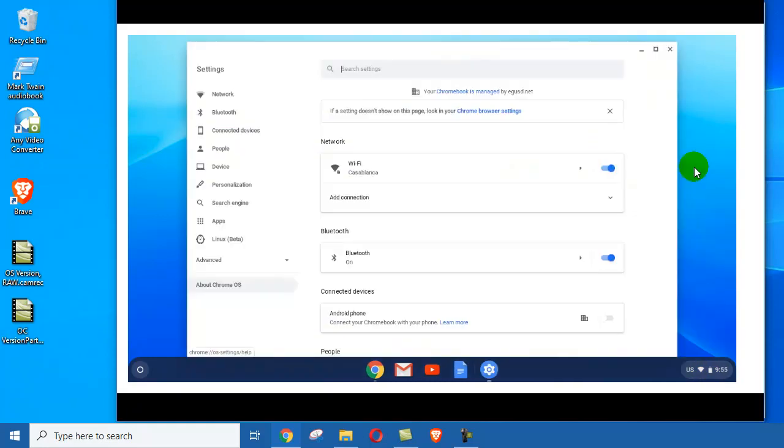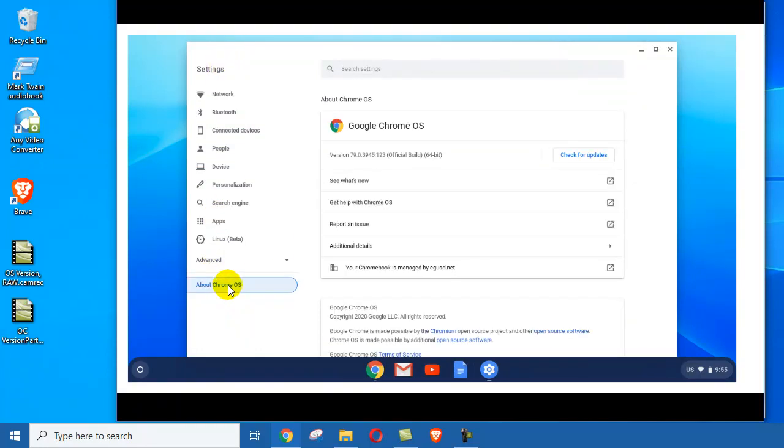And it'll say the Settings, and down here is About Chrome OS. Give that a click and you can see which version you'll have right here. So the latest version here in April of 2020 is version 79 with a bunch of numbers after it.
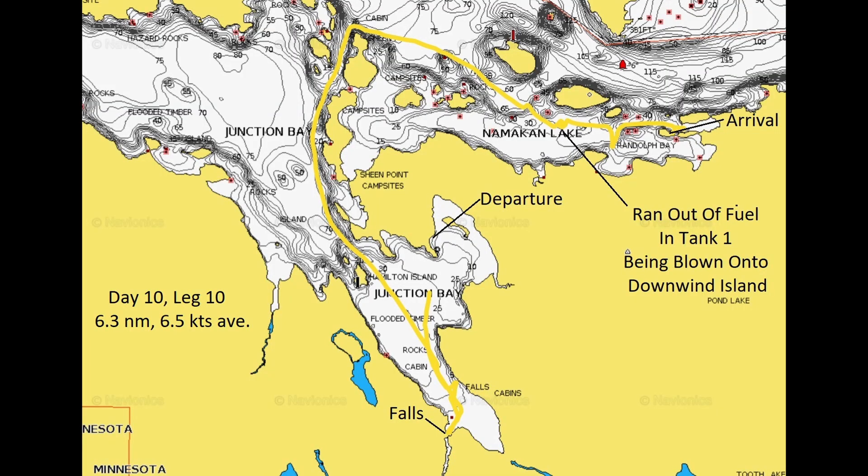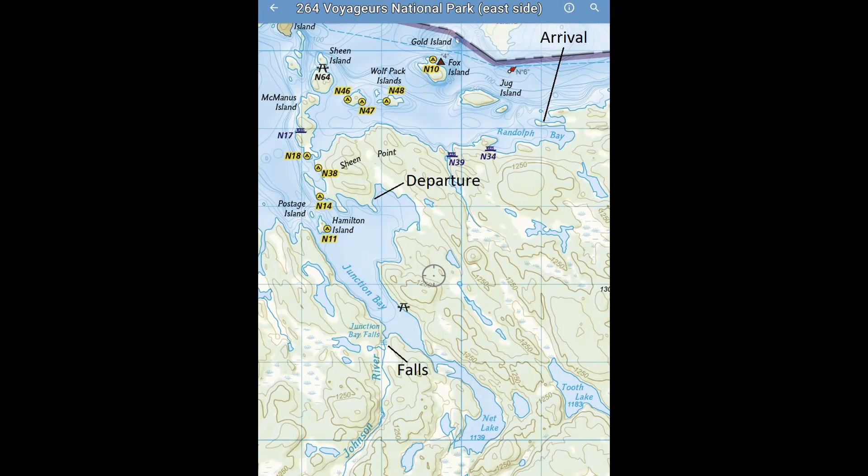This is a navigational chart. For day 10, leg 10, there was 6.3 nautical miles of distance traveled, and I averaged 6.5 knots on this particular leg. This is the park map in the Avenza application showing the departure and arrival points and some of the boat sites and campsites around the area.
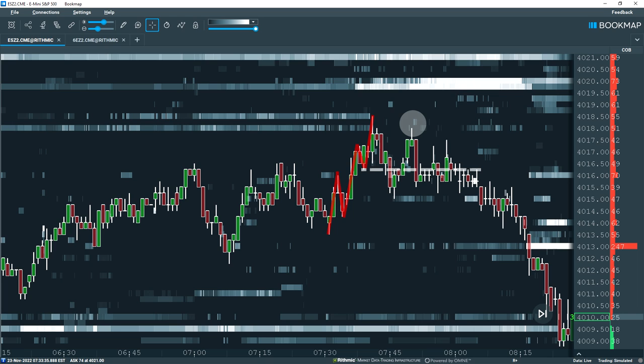Backtesting these setups and putting together a robust trading plan can boost your chances of success in the market. To learn more about market structure, or to download Bookmap for yourself, head over to our website, bookmap.com.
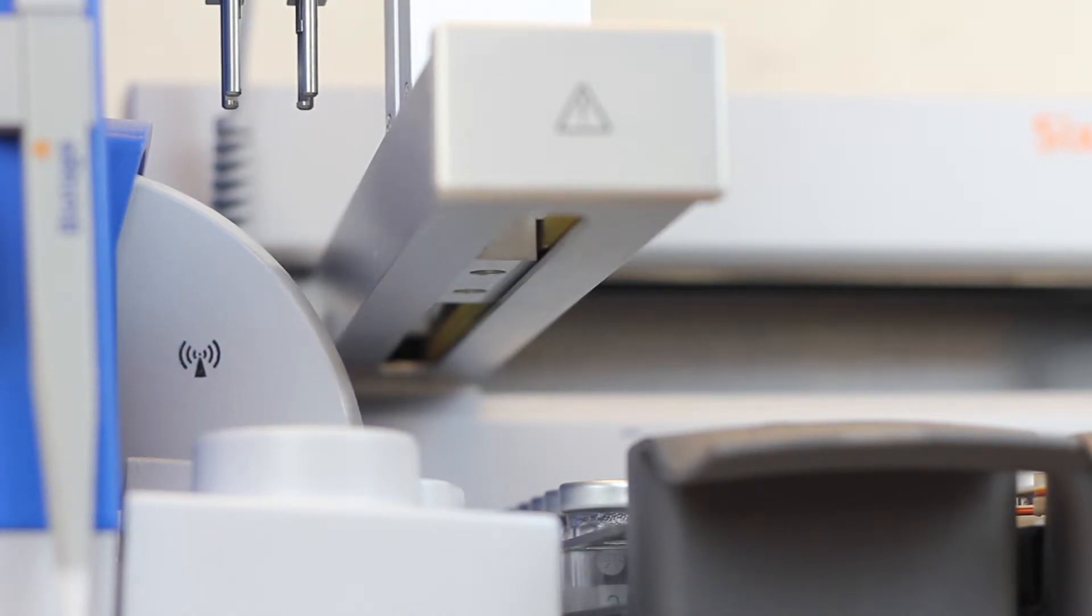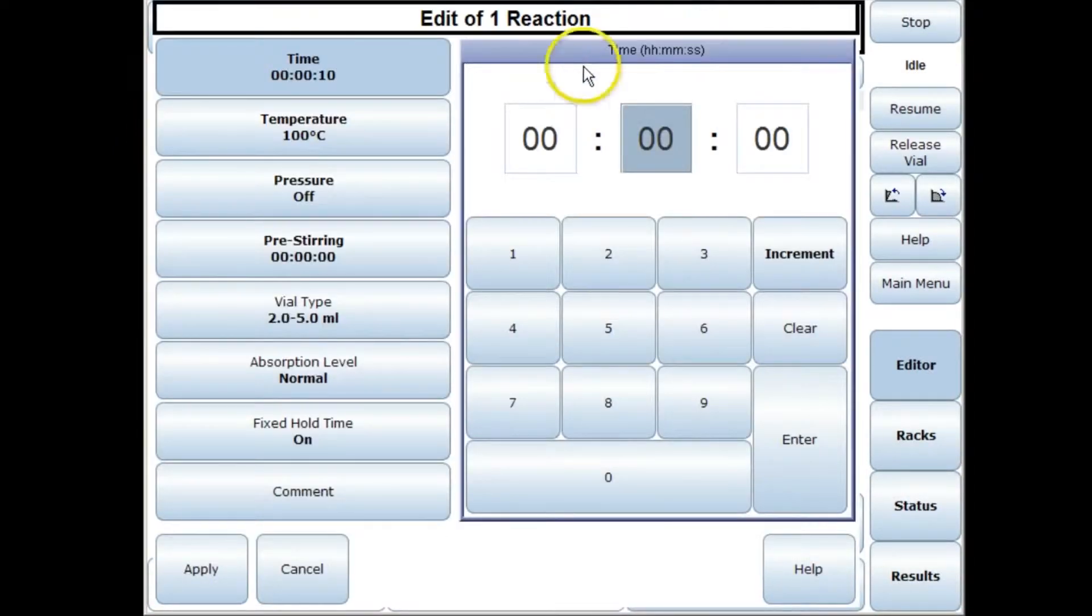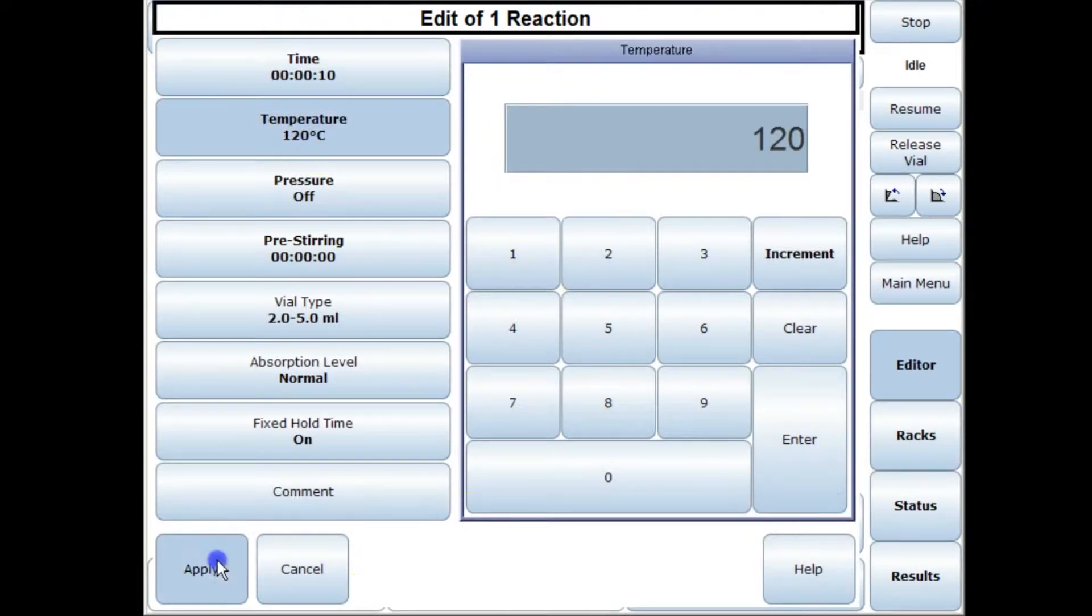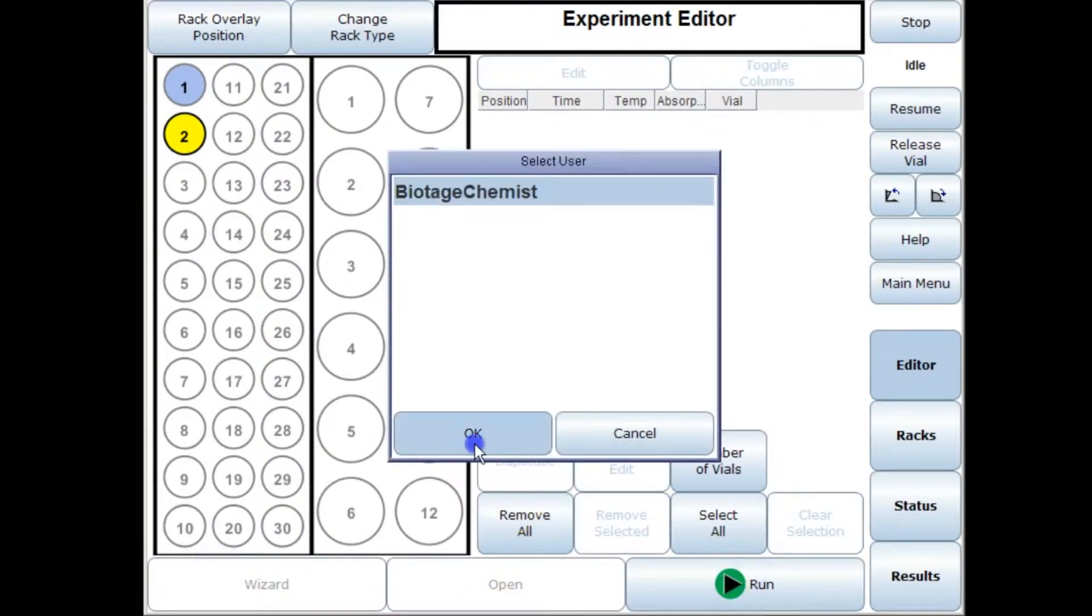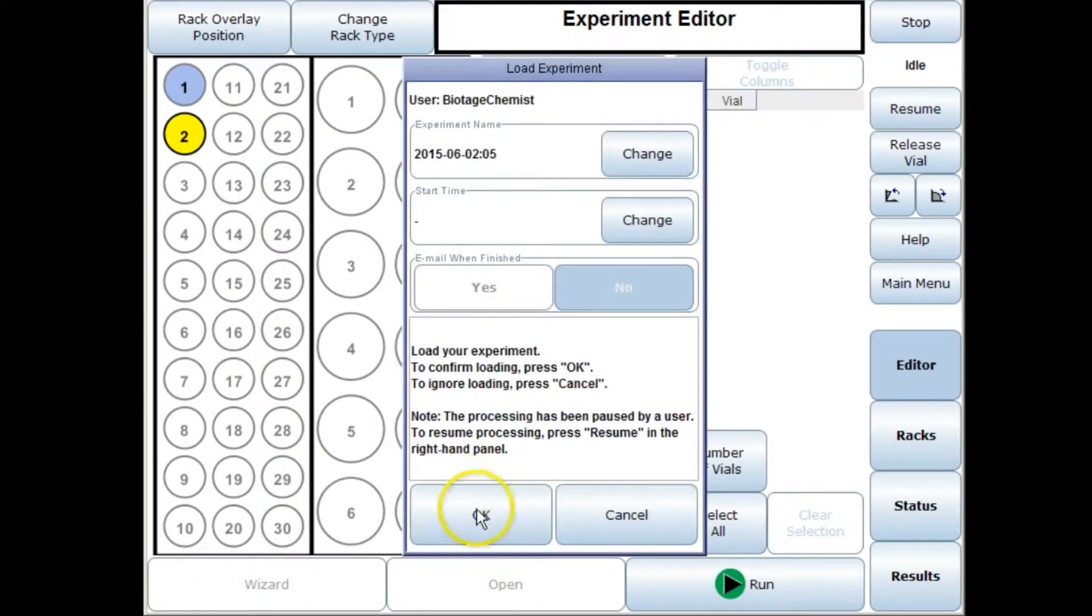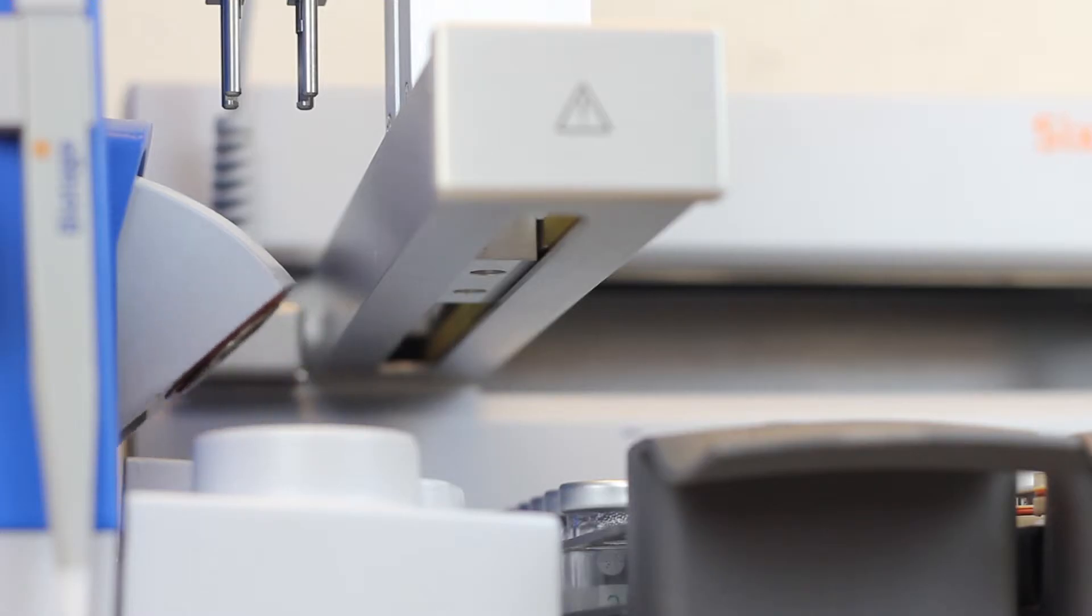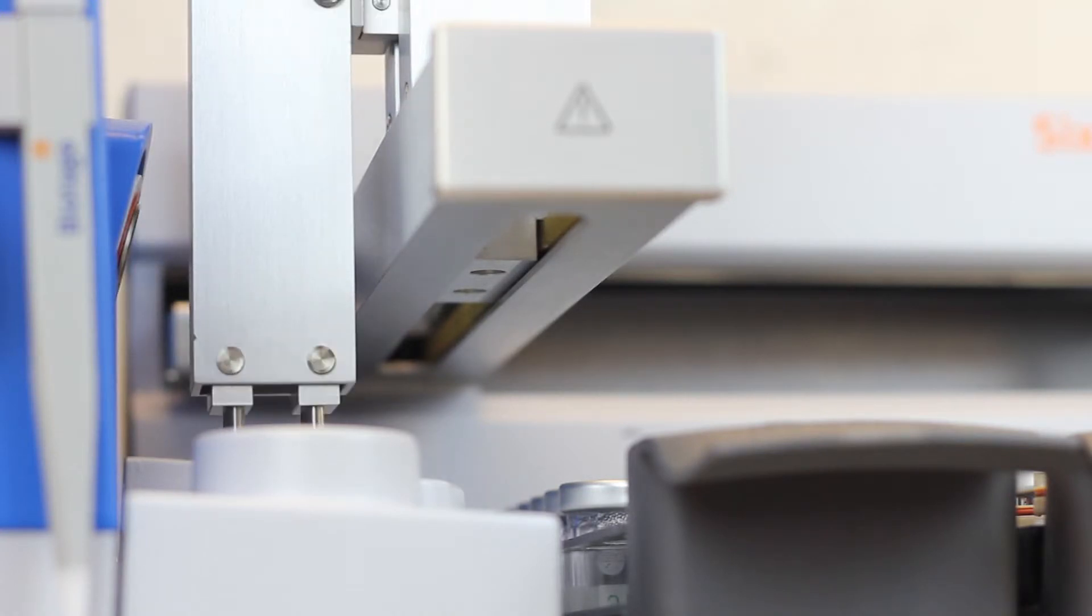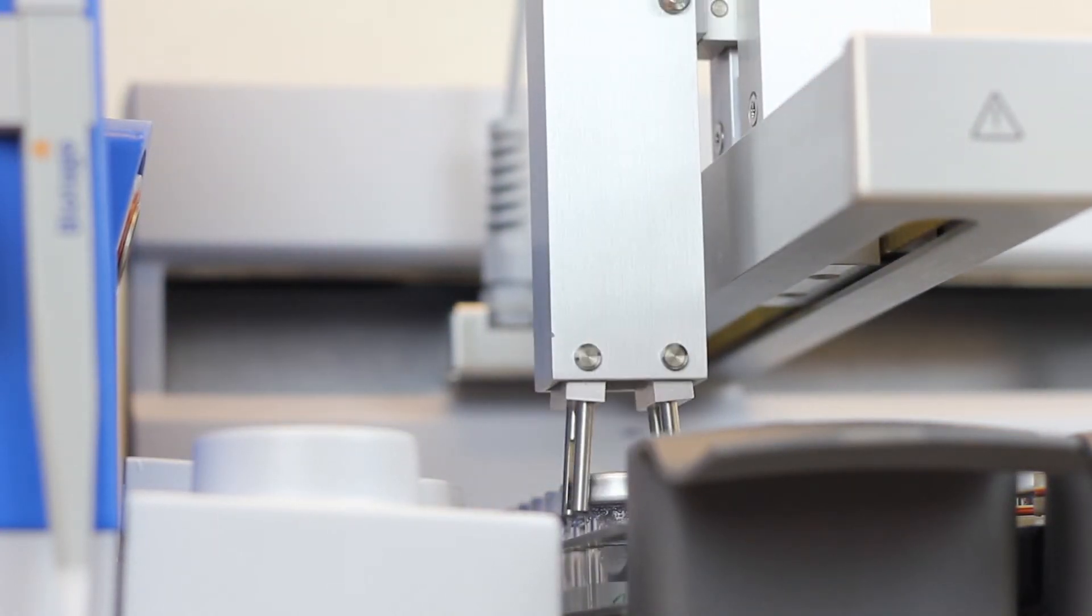Somebody else in my lab can come up and they can set up a reaction as well. They can set up their own parameters, apply that, press run and that will be queued up. This means that you don't have to wait for one person to finish using the system before somebody else can use it.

:::::

* Instructions to follow: Repeat the listing exactly; do not print any picture.

* Problem solution:
And it'll say the Settings, and down here is About Chrome OS. Give that a click and you can see which version you'll have right here. So the latest version here in April of 2020 is version 79 with a bunch of numbers after it.
This is a navigational chart. For day 10, leg 10, there was 6.3 nautical miles of distance traveled, and I averaged 6.5 knots on this particular leg. This is the park map in the Avenza application showing the departure and arrival points and some of the boat sites and campsites around the area.
Backtesting these setups and putting together a robust trading plan can boost your chances of success in the market. To learn more about market structure, or to download Bookmap for yourself, head over to our website, bookmap.com.
Somebody else in my lab can come up and they can set up a reaction as well. They can set up their own parameters, apply that, press run and that will be queued up. This means that you don't have to wait for one person to finish using the system before somebody else can use it.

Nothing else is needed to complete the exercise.